Approximately 15 to 20 percent of breast cancers are triple-negative. The condition is more common in women of African-American heritage and premenopausal women, although women and men of all ages and ethnicities can be affected. Historically, this cancer subtype has not responded to typical breast cancer treatment therapies.
Now, Scientists at the University of Freiburg in Germany say a newly developed inhibitor of the KDM4 enzyme shows promising results in the treatment of triple-negative breast cancer.
This news is encouraging, as the current challenge with treating triple-negative breast cancer lies in the fact that when treating most kinds of breast cancer, doctors target the specific receptor types (estrogen receptors, progesterone receptors and human epidermal growth factor receptor 2 – HER2) that cause the cancer to grow. Because triple-negative breast cancer lacks these receptors, it not only requires different treatment, but may also have a poor long-term outcome.
During the study, researchers from the Center for Translational Cell Research and the Center of Clinical Research at the University isolated cancer stem-like cells, which are similar to normal stem cells but promote tumor growth and resilience, to determine how they work. The teams were then able to develop an inhibitor for the epigenetic regulator KDM4, an enzyme that regulates gene expression and has been linked to the development of triple-negative breast cancer.

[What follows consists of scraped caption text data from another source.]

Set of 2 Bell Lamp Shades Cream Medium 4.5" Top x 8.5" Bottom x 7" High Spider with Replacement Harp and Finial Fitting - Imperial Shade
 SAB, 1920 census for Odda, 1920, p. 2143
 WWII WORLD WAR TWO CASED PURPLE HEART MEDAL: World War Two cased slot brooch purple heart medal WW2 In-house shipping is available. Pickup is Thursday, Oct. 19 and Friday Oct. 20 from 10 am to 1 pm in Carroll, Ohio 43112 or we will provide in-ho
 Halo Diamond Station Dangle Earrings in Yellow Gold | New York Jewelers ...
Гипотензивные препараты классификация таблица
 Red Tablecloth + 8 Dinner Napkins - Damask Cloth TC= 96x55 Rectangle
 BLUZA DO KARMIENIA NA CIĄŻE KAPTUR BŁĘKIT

Using the KDM4 inhibitor, the research teams were able to stop a number of stem-like cell populations from spreading and make the cancer stem-like cells less likely to promote cancer.
Although the newly developed inhibitor yielded promising results on mice, more research is needed before the treatment will be ready for use in humans. However, the new information is encouraging and offers hope that new triple-negative breast cancer treatment therapies will soon be a reality.